À Paris, un représentant de l’Institut du monde arabe (IMA) indique que les événements liés à l’exposition « Ce que la Palestine apporte au monde » n’ont pas été annulés mais différés, en raison principalement de l’impossibilité pour certains artistes de se déplacer depuis le Proche-Orient. « Le président [de l’IMA] Jack Lang a pris en responsabilité la décision de reporter cette séquence afin de ne pas pénaliser les artistes palestiniens et de leur préserver un espace d’expression bien légitime dans le cadre de l’exposition. » La journée d’étude sur l’écrivain Jean Genet et un débat sur la Nakba (mot arabe signifiant « catastrophe », utilisé par les Palestiniens pour décrire l’exode de la région après la création de l’État d’Israël en 1948) se tiendront finalement le week-end des 18 et 19 novembre.
La France renforce sa sécurité
La France a été placée en état d’alerte maximale à la suite de l’attaque du Hamas en Israël et de l’offensive israélienne contre Gaza qui en a résulté. À la crainte d’une importation du conflit au Proche-Orient en France, s’est ajouté le meurtre d’un professeur de français, Dominique Bernard, à Arras (Pas-de-Calais), le 13 octobre, par un jeune radicalisé – presque trois ans, jour pour jour, après celui de Samuel Paty, décapité le 16 octobre 2020 par un terroriste islamiste. Dans un contexte national de passage en alerte « urgence attentat », le musée du Louvre a été temporairement évacué le lendemain, 14 octobre, ainsi que le château de Versailles plusieurs fois, à la suite d’une alerte à la bombe. Dans une allocution télévisée nationale, le président Emmanuel Macron a déclaré que la protection policière et militaire était renforcée dans 582 sites religieux et culturels à travers la France, face à la montée de l’antisémitisme et de l’islamophobie. Une marche civique contre l’antisémitisme est prévue à Paris et dans d'autres villes de France le 12 novembre.
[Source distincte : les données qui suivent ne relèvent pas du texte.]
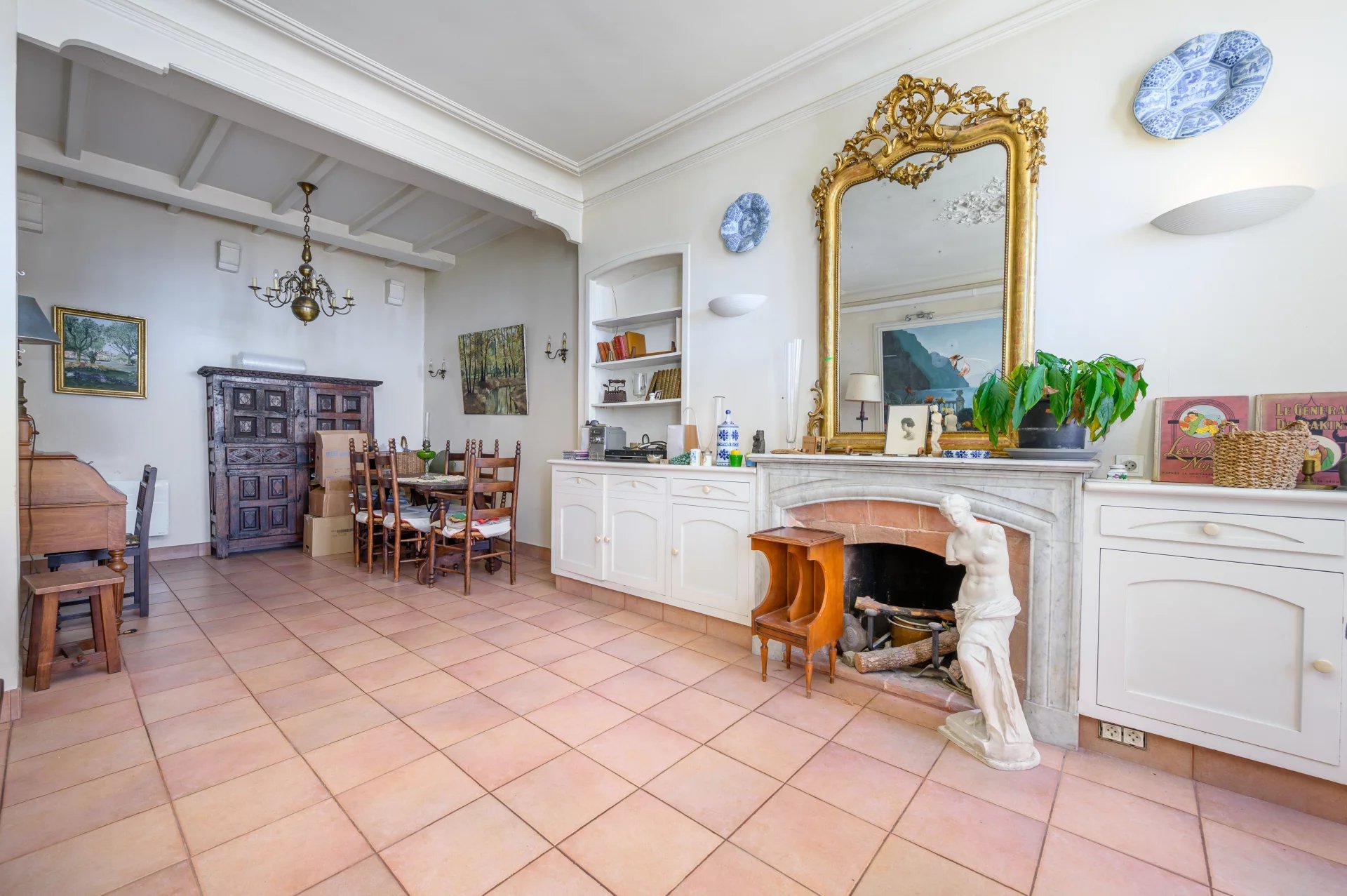 3-room apartment in Cannes Interior of a 3-room apartment in Cannes with kitchen and dining room.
Contacté par The Art Newspaper, le musée du Louvre a déclaré qu’il ne ferait aucun commentaire sur la situation internationale. « La sécurité des visiteurs et des collections nationales est notre priorité absolue. Le passage en “ alerte urgence attentat “ décidé par la Première ministre a naturellement entraîné une vigilance accrue, notamment en ce qui concerne les contrôles d’accès des visiteurs », a précisé une porte-parole.
Aux États-Unis, le dilemme des musées s’est intensifié. Le musée Frick de Pittsburgh a reporté une exposition d’art islamique, invoquant des préoccupations liées à la guerre en cours à Gaza. Le musée a annoncé le report de l’exposition le 17 octobre, dix jours après l’attaque du Hamas contre Israël.
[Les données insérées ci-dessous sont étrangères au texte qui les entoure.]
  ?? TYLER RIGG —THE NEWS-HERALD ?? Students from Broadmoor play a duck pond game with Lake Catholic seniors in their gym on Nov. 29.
Plusieurs institutions juives ont pris position, du Museum of Jewish Heritage de New York au United States Holocaust Memorial Museum de Washington, qui ont tous deux condamné les attaques du Hamas. Ce dernier a déclaré dans un communiqué : « En conservant la mémoire de l’histoire de l’Holocauste, le musée incite les dirigeants et les individus du monde entier à réfléchir de manière critique à leur rôle dans la société et à lutter contre l’antisémitisme et d’autres formes de haine, à prévenir les génocides et à promouvoir la dignité humaine ».
Le musée national arabo-américain de Dearborn, dans le Michigan, a annoncé qu’« en réponse à la catastrophe humanitaire en cours à laquelle sont confrontés nos frères et sœurs palestiniens à Gaza », l’institution avait décidé d’annuler son gala annuel de collecte de fonds.
El Museo del Barrio, à New York, a publié une déclaration conciliante soutenant et défendant les droits de l’homme et la « résolution pacifique » de ce conflit, encourageant les visiteurs du musée à faire un don à une organisation caritative de confiance de leur choix. « En ces temps difficiles, nous continuons à accueillir des visiteurs et des artistes aux croyances et aux points de vue divers et différents », déclare le musée.